In this case there can be no doubt but that it is highly probable that the chemical-waste-disposal site will bring about a substantial injury. Without again reviewing the extensive evidence adduced at trial, we think it is sufficiently clear that it is highly probable that the instant site will constitute a public nuisance if, through either an explosive interaction, migration, subsidence, or the "bathtub effect," the highly toxic chemical wastes deposited at the site escape and contaminate the air, water, or ground around the site. That such an event will occur was positively attested to by several expert witnesses. A court does not have to wait for it to happen before it can enjoin such a result. Additionally, the fact is that the condition of a nuisance is already present at the site due to the location of the site and the manner in which it has been operated. Thus, it is only the damage which is prospective. Under these circumstances, if a court can prevent any damage from occurring, it should do so.

The defendant next asserts that error occurred in the courts> below when they failed to defer to the IEPA and the USEPA, as well as when they failed to give weight to the permits issued by the IEPA. This assertion has no merit, however, because the data relied upon by the IEPA in deciding to issue a permit to the defendant were data collected by the defendant, data which have been proved at trial to be inaccurate. In particular, defendant's experts concluded that any subsidence at the site would be negligible. The IEPA (as well as the USEPA) adopted this inaccurate conclusion in deciding to issue a permit to the defendant.

We also disagree with the defendant that since the plaintiffs could seek review from the IEPA's decision to grant permits to the defendants through the Pollution Control Board they have an adequate remedy at law and are unable to obtain relief in a court of equity. First, the plaintiffs are not seeking a review of the issuance of permits. The plaintiffs seek to enjoin a nuisance, a matter which is properly brought in a court of equity. This court has stated that jurisdiction exists in the circuit court "to abate public nuisances which may endanger the general welfare." (People ex rel. Scott v. Janson (1974), 57 Ill.2d 451, 460.) Thus, the trial court has subject matter jurisdiction to decide the issues raised herein, and to award appropriate equitable relief.

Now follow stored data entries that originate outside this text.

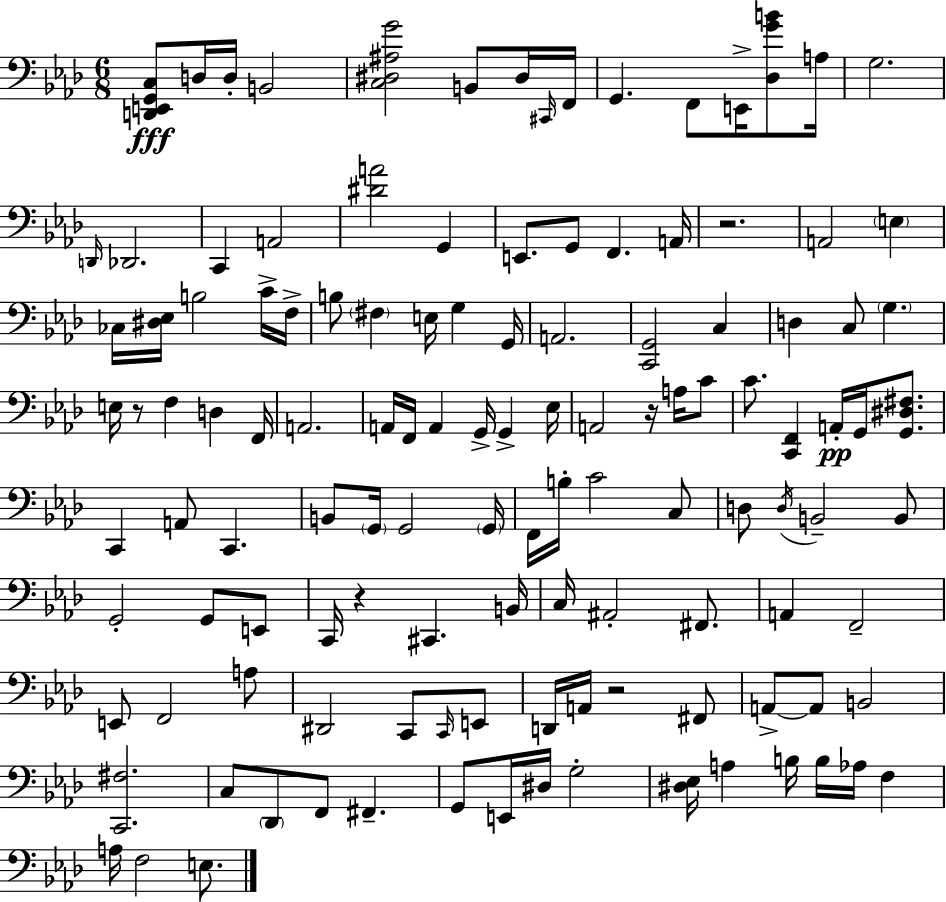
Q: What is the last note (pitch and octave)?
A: E3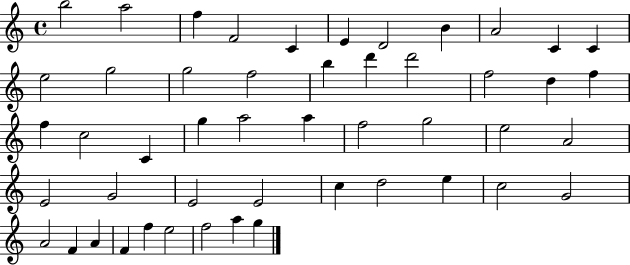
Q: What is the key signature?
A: C major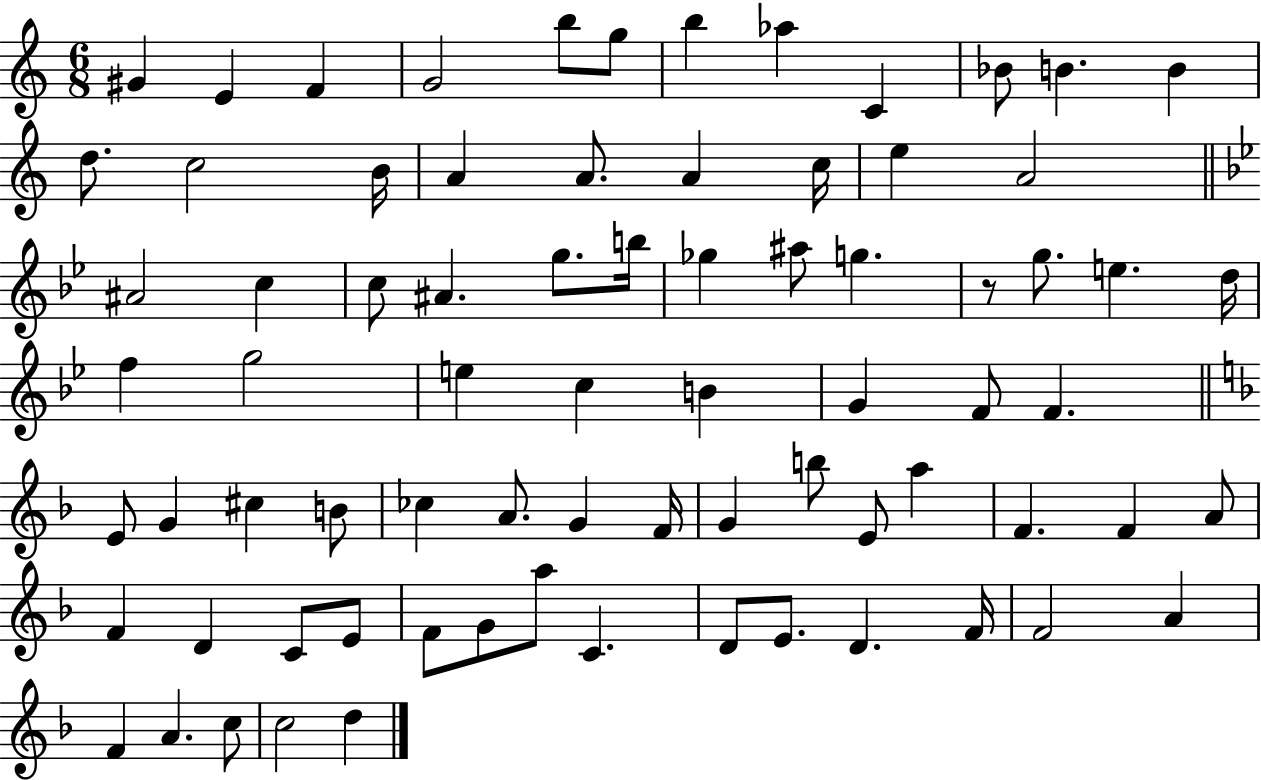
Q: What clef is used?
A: treble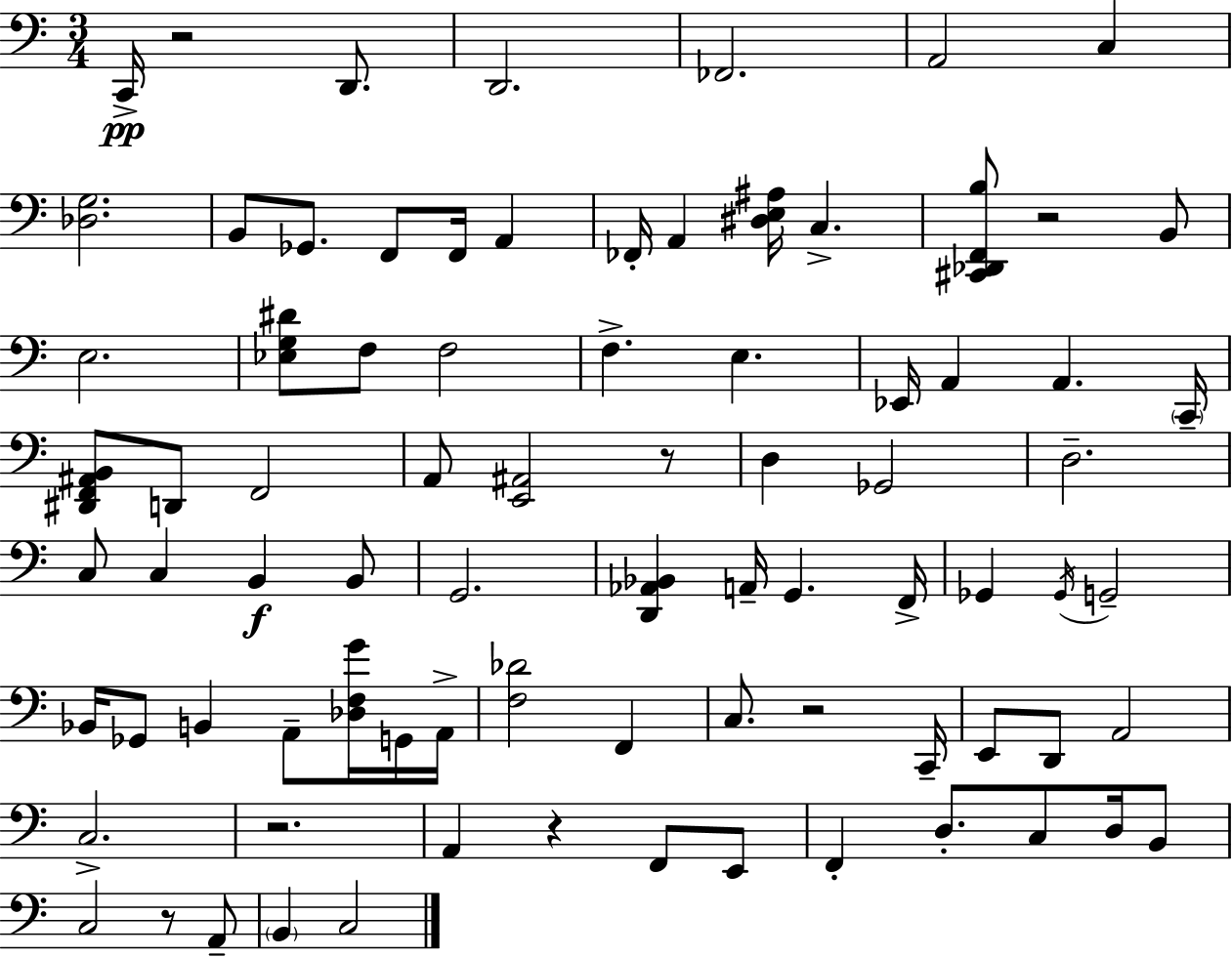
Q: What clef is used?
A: bass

The next issue we consider is whether the trial court erroneously granted a permanent injunction. The defendant argues first that the courts> below granted injunctive relief without proof that the alleged injury is both substantial and certain to occur. We have already addressed this question in discussing whether relief may be granted for a prospective nuisance. We will not unduly prolong this already lengthy opinion with duplicative discussion. The second argument raised is that the courts> below did not balance the equities in deciding to enjoin the defendant from continuing to operate the waste-disposal site. Defendant cites Harrison v. Indiana Auto Shredders Co. (7th Cir. 1975), 528 F.2d 1107, for the proposition that the court must balance the relative harm and benefit to the plaintiff and defendant before a court may enjoin a nuisance. (528 F.2d 1107, 1109.) A balancing process is implicit in the following statements made by this court in Haack v. Lindsay Light & Chemical Co. (1946), 393 Ill. 367, 373, 375:

"It is equally clear that the rule in this State and generally, is, and should be, that even though a right has been established in law, a court of equity will not, as a matter of course, interpose by injunction but will consider all the circumstances, the consequences of such action and the real equity of the case.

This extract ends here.